▶ _Captioned web image data_:
⁂

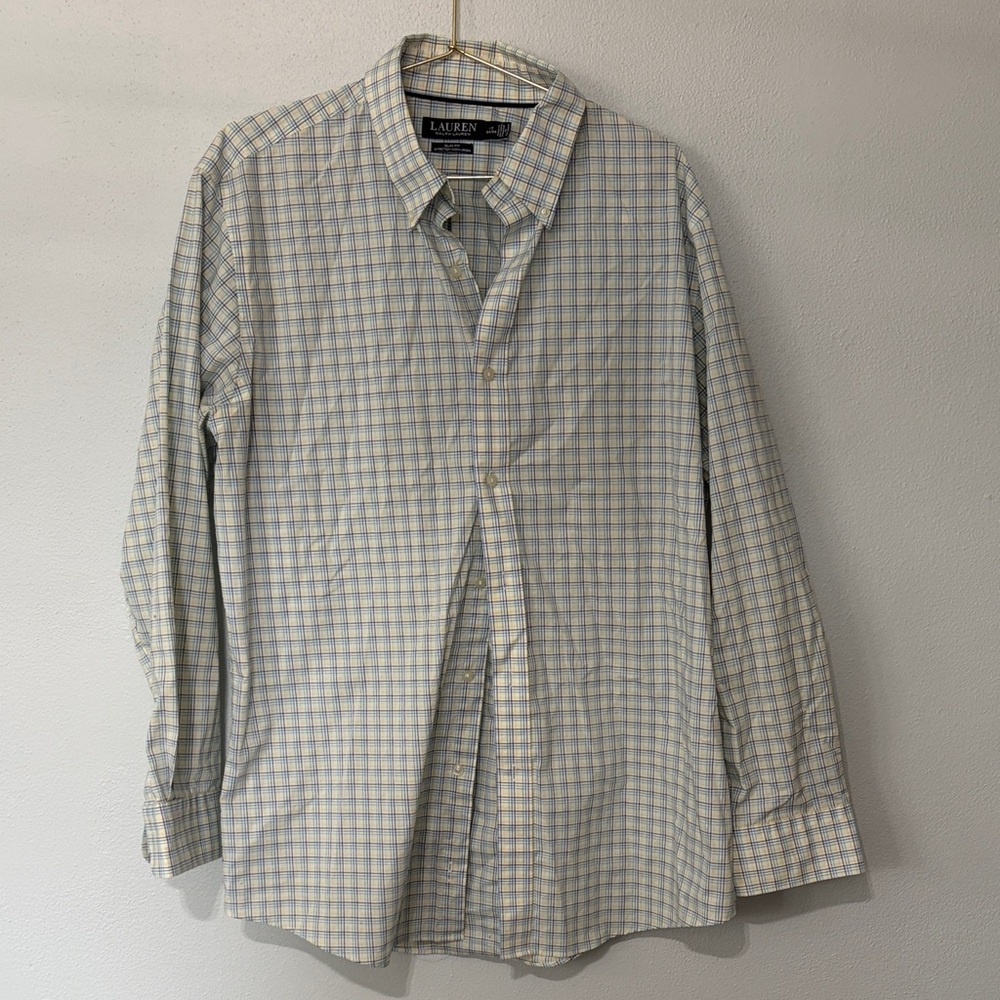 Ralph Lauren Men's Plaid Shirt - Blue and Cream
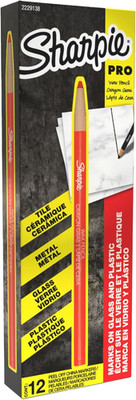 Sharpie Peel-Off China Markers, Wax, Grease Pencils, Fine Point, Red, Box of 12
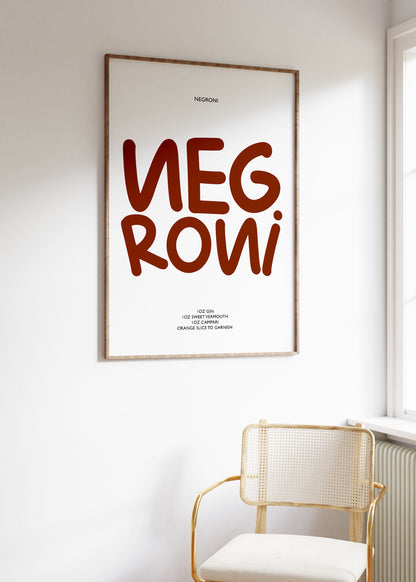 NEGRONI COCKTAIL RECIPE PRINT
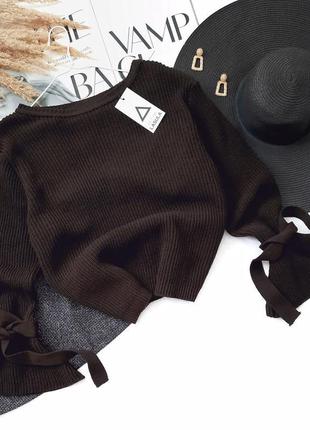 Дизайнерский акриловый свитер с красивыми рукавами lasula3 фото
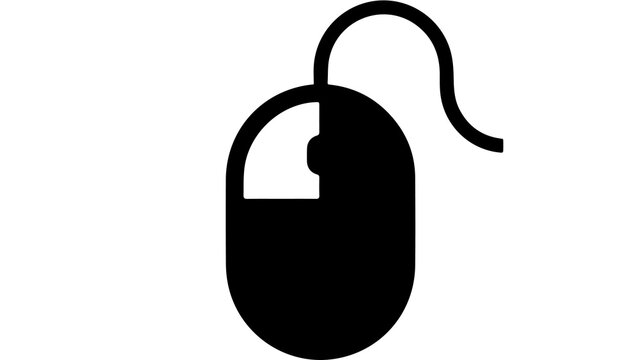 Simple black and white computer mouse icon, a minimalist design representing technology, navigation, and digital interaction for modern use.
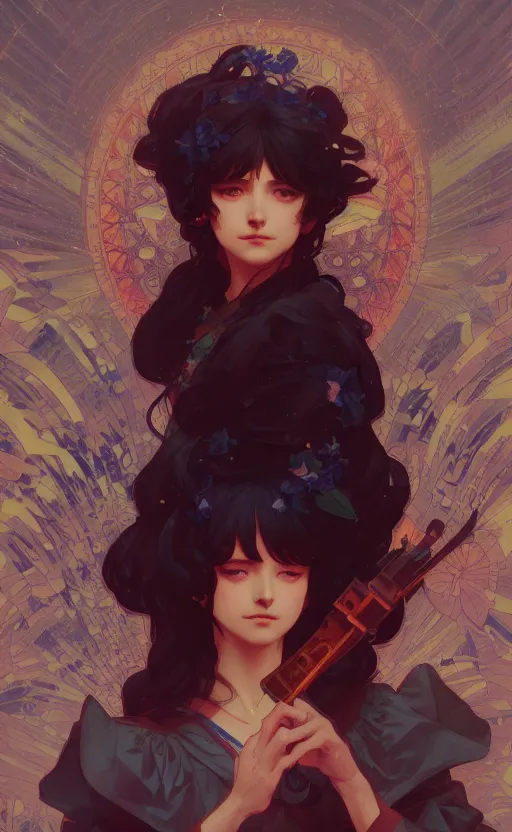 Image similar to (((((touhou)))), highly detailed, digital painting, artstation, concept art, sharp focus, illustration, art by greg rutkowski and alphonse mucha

⁂

▶ _Instructions to follow_: Without the pictures, repeat exactly the lines running from the line containing "NEGRONI COCKTAIL RECIPE PRINT" through the end of the data, both ends included.

▶ _Solution to the problem_:
 NEGRONI COCKTAIL RECIPE PRINT
 Дизайнерский акриловый свитер с красивыми рукавами lasula3 фото
 Simple black and white computer mouse icon, a minimalist design representing technology, navigation, and digital interaction for modern use.
 Image similar to (((((touhou)))), highly detailed, digital painting, artstation, concept art, sharp focus, illustration, art by greg rutkowski and alphonse mucha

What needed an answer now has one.